Talese trabajaba para el New York Times cuando se construyó el puente; ahí publicó una decena de notas al respecto. Se pueden consultar en la web. Las fotos del diario no son las fotos del libro. El original es de 1964. Hace cuatro años, al cumplirse los 50 años del puente, volvió a editarse. El autor le agregó un prefacio y un epílogo. Talese busca siempre el grano del relato. Lo que se narra es esa búsqueda. No busca adelante sino en lo que está contando. Velozmente cambia de zoom, llega a una situación casi epifánica, también porque la búsqueda misma va configurando ese carácter. En el centro del libro está la historia de la caída de un obrero.

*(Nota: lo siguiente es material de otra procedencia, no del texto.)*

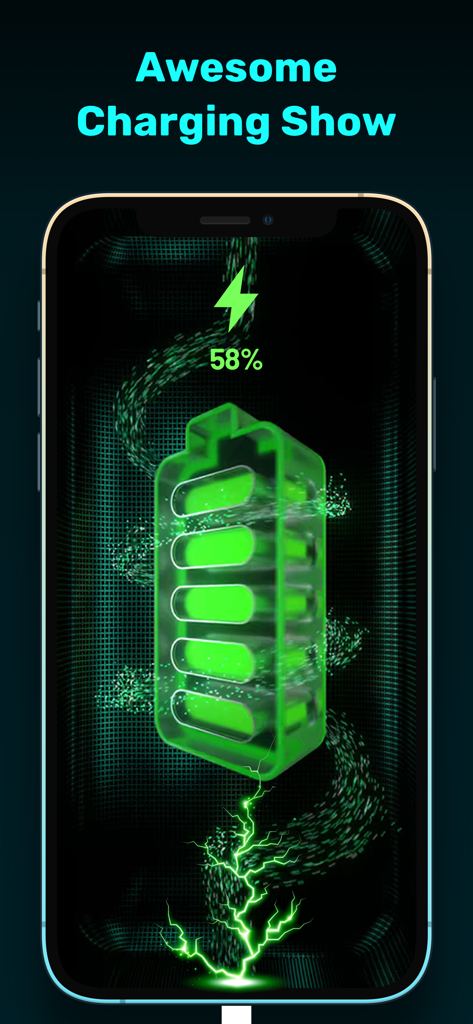 Dream Photo: AI Generator - 3D green glowing battery charging animation on an iPhone screen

A todos los trabajadores se los menciona con nombre y apellido, se describe el puesto que ocupan, sus funciones: el calentador, el receptor, el ensartador, el remachador, el presionador, el jefe andante, el capataz, los submarinistas, el soplón. Todos tiene una historia familiar vinculada a la construcción y una historia particular que también forma parte de la historia de la construcción. El puente es un homenaje a un sindicalismo de una ciudad, porque también es un retrato de una historia urbana, de un momento de la historia urbana de Nueva York. El libro “no pretende ser tanto la celebración del puente en sí como de los hombres que lo levantaron. Los mismos que no fueron invitados a la ceremonia de inauguración”, dice.

Como Gould, como Mitchell, Talese no graba, no toma notas. Escucha.